Вот где мы можем уловить переход из опыта в веру; и о такой вере человек может говорить с абсолютной, пламенной уверенностью, может говорить с убедительностью, потому что он говорит о том, что сам знает, чего он дознался до мозга костей, почти до разрыва сердечного.
Но мы принадлежим общине, человечеству, вокруг нас есть люди, мы не исчерпываем собой никакой человеческих опыт, включая и религиозный; у нас очень много общего с людьми, с которыми мы находимся, но этот опыт каждый человек пережил несколько иначе: у одних его больше, у других меньше; и потому что мы общаемся друг с другом, потому что мы составляем одно целое, опыт одних делается опытом других; так же как сознание красоты, правды делается достоянием всего человечества через одного человека, который сумел это пережить с предельной силой и выразить с предельной красотой и убедительностью.

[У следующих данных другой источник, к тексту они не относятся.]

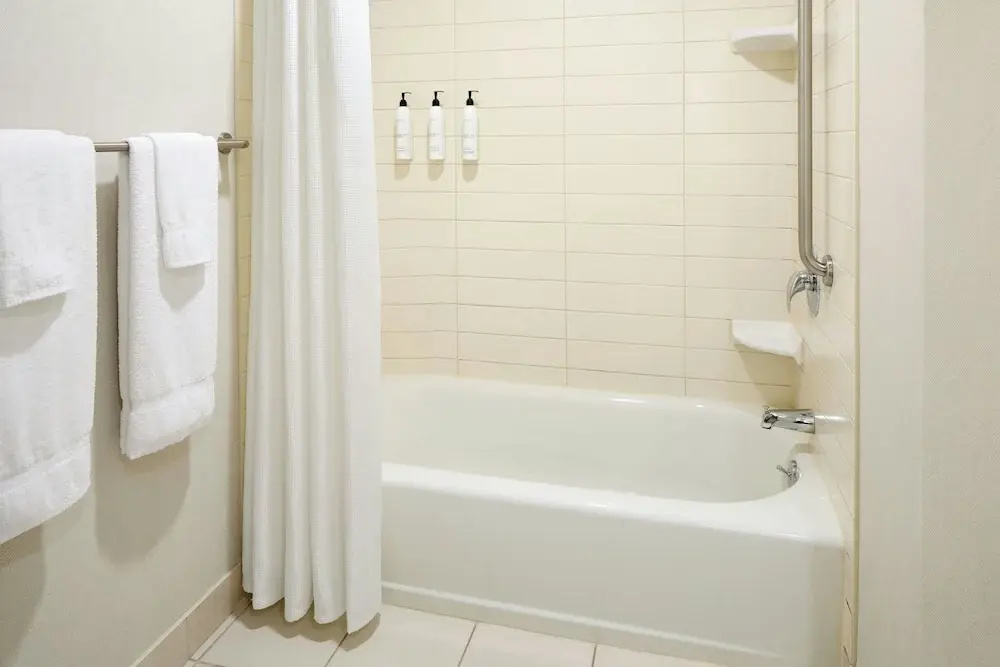 Fairfield Inn & Suites by Marriott Montreal Airport - Chambres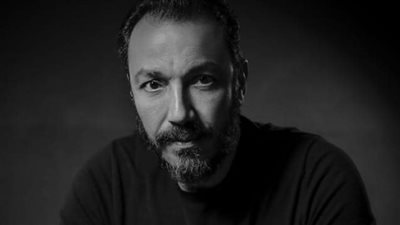 طارق لطفي: أعيش كأني موظف ولست مريضًا بالنجومية.. والسوشيال ميديا أكبر حاكم جاهل في التاريخ | حوار 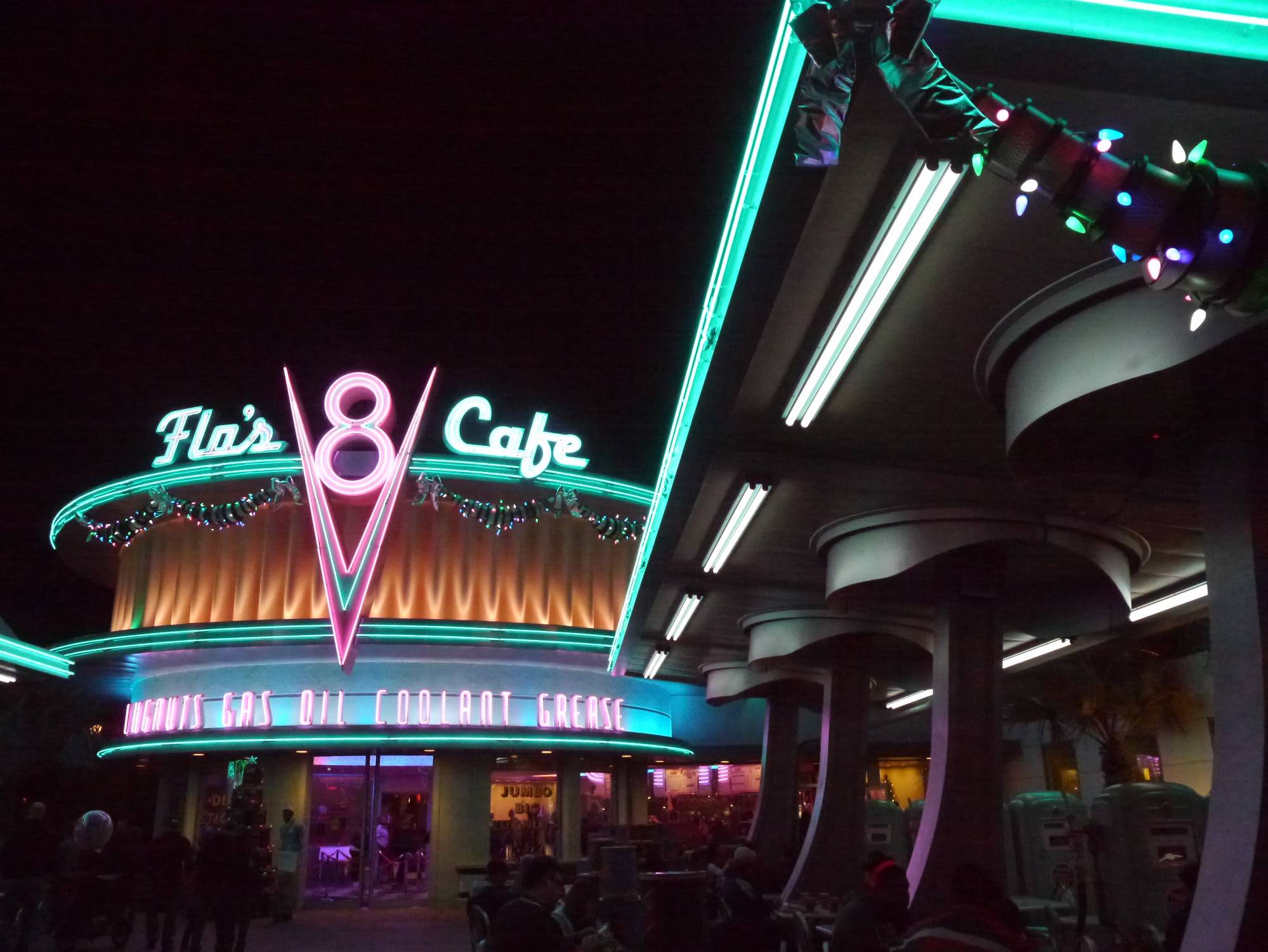 Flo's V8 cafe at night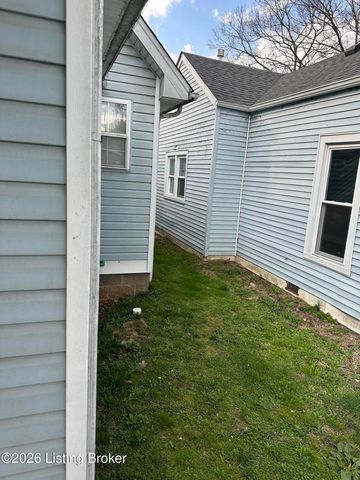 2928 S 5th St, Louisville, KY 40208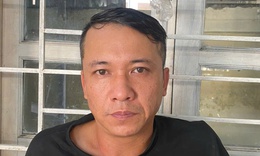 Bức xúc vì được mời đi nhậu nhưng người mời khất nợ chủ quán, vị khách đã đâm bạn mời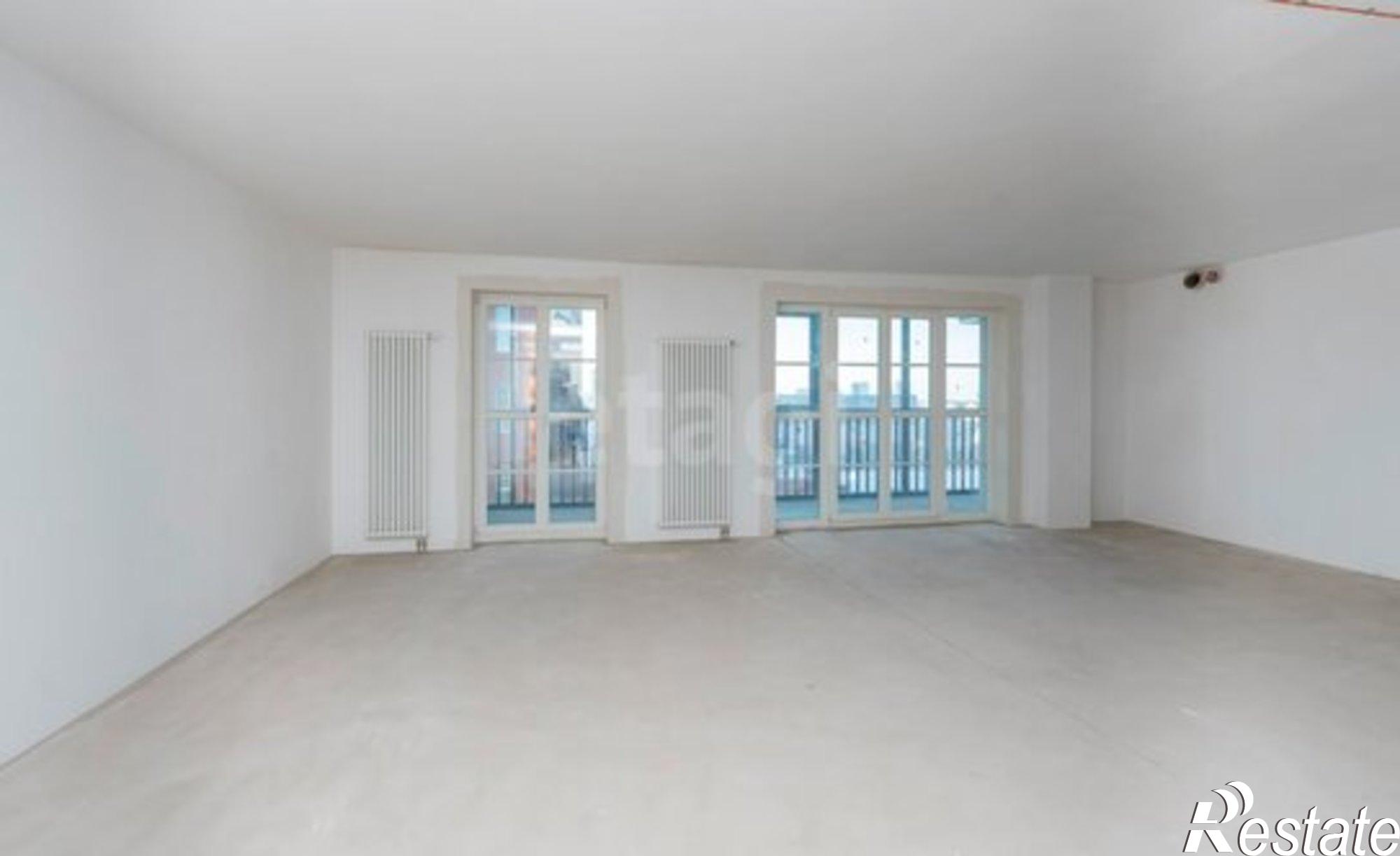 Купить квартиру за 20 000 000 рублей на ул Пермская, 33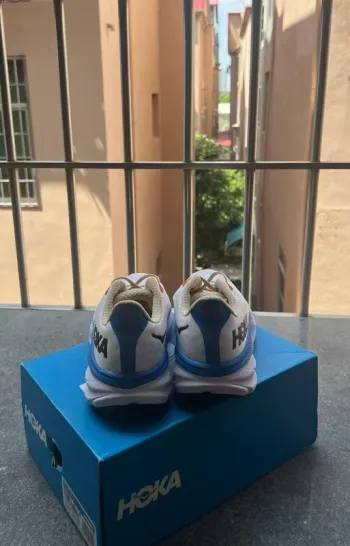 Used Hoka Shoes size 43 bike — image 4 of 6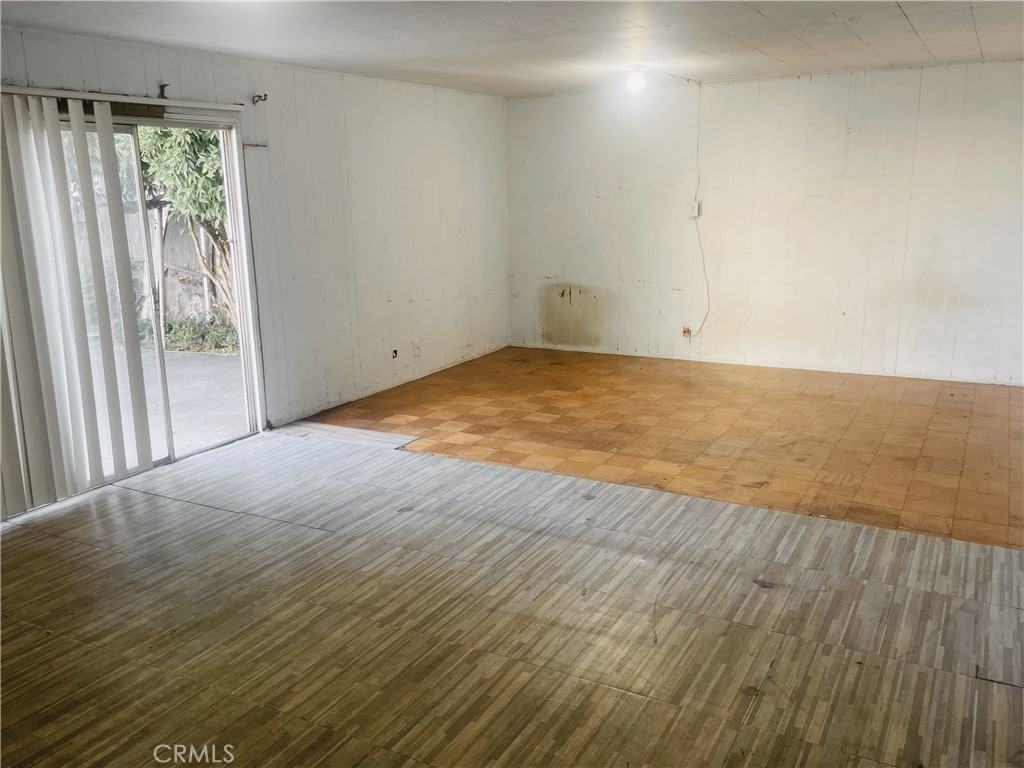 132 W Norwood Place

Вот об этой второй области веры мы тоже можем говорить, но должны говорить с большой осторожностью, указывая, что здесь кончается мой личный опыт, а здесь я перерастаю свой личный опыт в соборности, в общении с той группой людей, к которой я принадлежу. Таков был опыт апостолов, который дошел до нас. Апостол Иоанн говорит: мы свидетельствуем о том, что наши глаза видели, что наши уши слышали, что мы осязали собственными руками (1 Ин. 1,1). Да, поскольку у нас есть частичный опыт, который сродни их опыту, мы можем поверить в их более точный, более широкий опыт.

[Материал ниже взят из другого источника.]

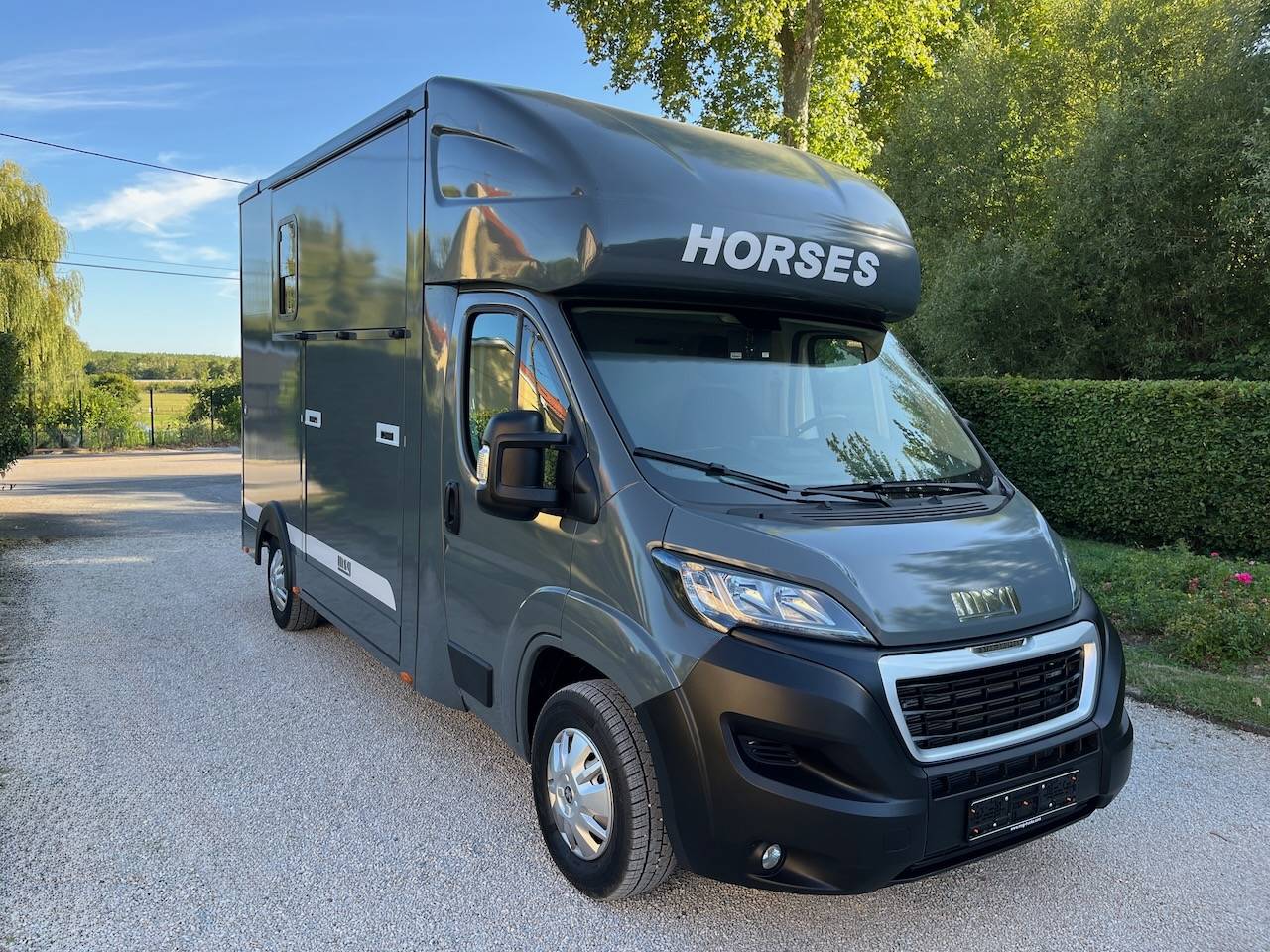Horsebox HGV Peugeot PEUGEOT BOXER BLUEHDI 165 MSG STALLION LIGHT  Used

И наконец, как я уже говорил, есть гении духа, гении ума, гении искусства, которые переживают и могут воплотить в музыку, в искусство, в научное прозрение то, чего обычный человек не может воплотить, но мы им верим, потому что ощущаем убедительность их слов, потому что эти слова доходят до нашей души, до нашего сознания как истина, как правда, потому что мы с ними уже общаемся в опыте, хотя их опыт превышает наш. Таковы, например, слова Христа. В Евангелии от Иоанна мы читаем, что Спаситель Христос говорит: Бога никто не видел, но Сын Божий, находящийся в недрах Отчих, Тот нам это открыл (Ин. 1,18). Мы принимаем Его свидетельство не потому, что Он говорит о чем-то, о чем мы не имеем никакого понятия, а потому что у нас есть другие основания верить Его слову; и мы принимаем это Его слово, для нас еще, может быть, непостижимое, потому что другое, Им сказанное, является в пределах нашего опыта правдой и истиной, и откровением.
Вот каким образом через человека до нас может дойти вера или, во всяком случае, может быть поставлен вопрос; мы не обязательно сразу поверим, но встретив этого человека и это свидетельство, — поскольку его свидетельство, вернее, свидетельство его личности убедительно, — мы можем либо принять его свидетельство и сказать себе: этот человек это действительно знает; я постараюсь дознаться до его опыта; либо, уже на основании предрассудка, предвзятых мыслей оттолкнуть человека, сбросить его со своего пути и сказать: то, что вне пределов моего опыта, — бред; этот человек сумасшедший, его надо отстранить. Так человек науки не поступает, так поступает только безумный.